» **EXERCISE REQUIREMENTS**
Locate "Hinterwälder - Die" in the data below, then output the line it is on and all following lines through the last, word for word. Skip any pictures.

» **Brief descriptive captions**
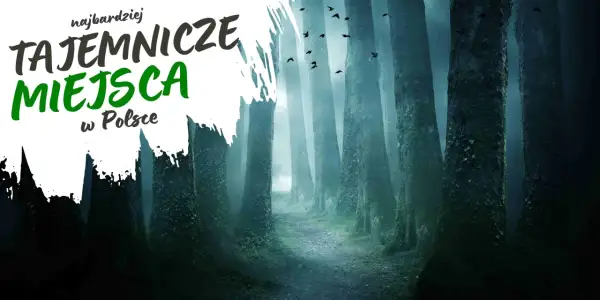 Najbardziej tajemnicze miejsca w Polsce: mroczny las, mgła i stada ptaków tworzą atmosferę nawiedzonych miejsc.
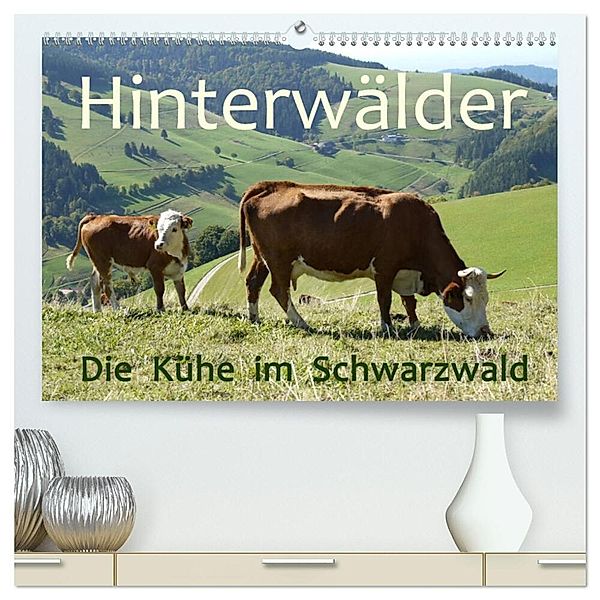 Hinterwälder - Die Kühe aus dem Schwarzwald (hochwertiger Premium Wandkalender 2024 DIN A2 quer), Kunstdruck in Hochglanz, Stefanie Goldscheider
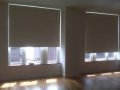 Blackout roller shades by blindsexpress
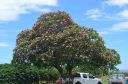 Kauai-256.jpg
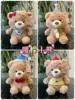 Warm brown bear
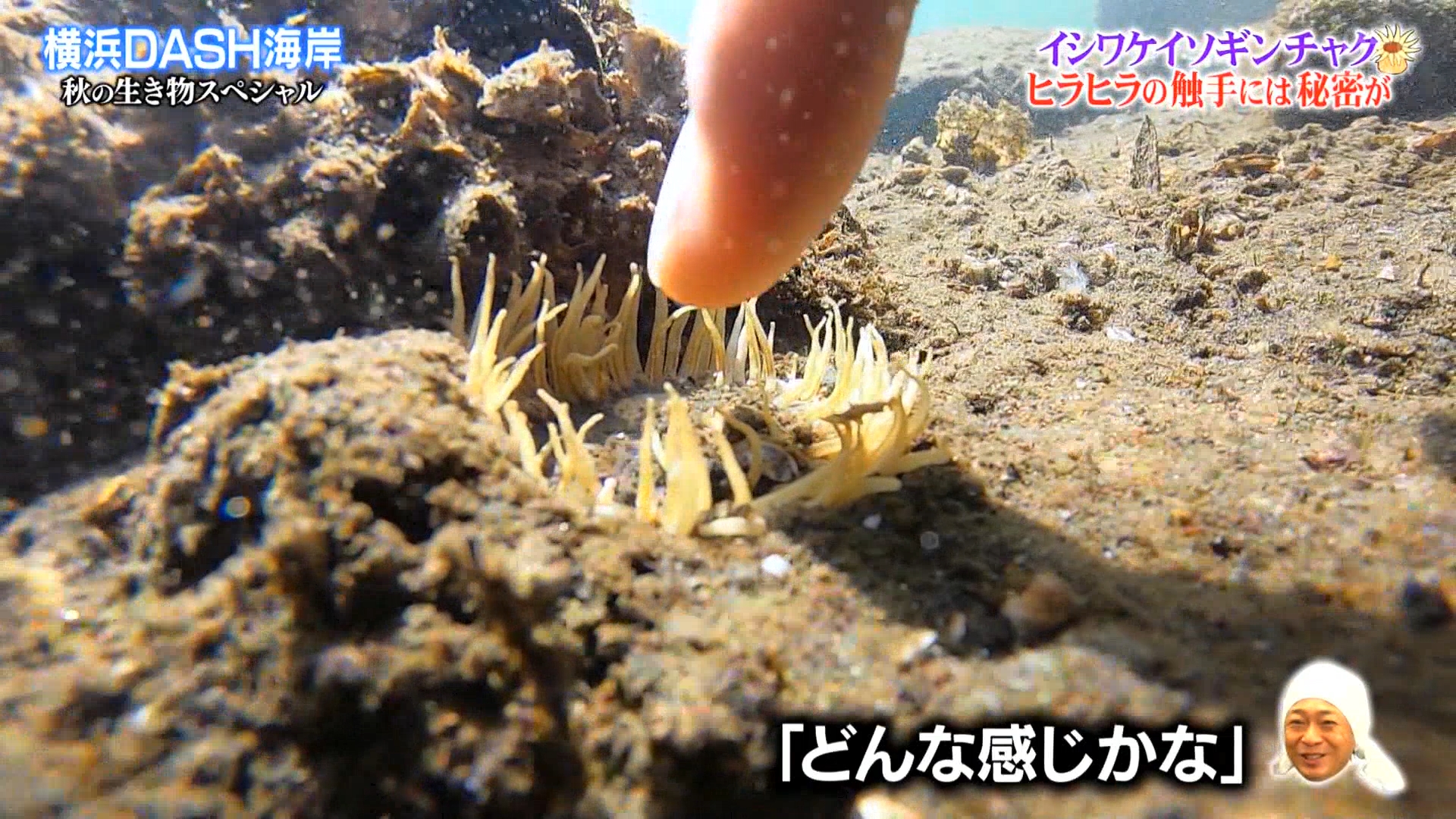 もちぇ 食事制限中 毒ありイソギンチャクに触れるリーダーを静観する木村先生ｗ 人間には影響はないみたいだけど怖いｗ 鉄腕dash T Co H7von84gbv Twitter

» **RESULT BELOW**
 Hinterwälder - Die Kühe aus dem Schwarzwald (hochwertiger Premium Wandkalender 2024 DIN A2 quer), Kunstdruck in Hochglanz, Stefanie Goldscheider
 Blackout roller shades by blindsexpress
 Kauai-256.jpg
 Warm brown bear
 もちぇ 食事制限中 毒ありイソギンチャクに触れるリーダーを静観する木村先生ｗ 人間には影響はないみたいだけど怖いｗ 鉄腕dash T Co H7von84gbv Twitter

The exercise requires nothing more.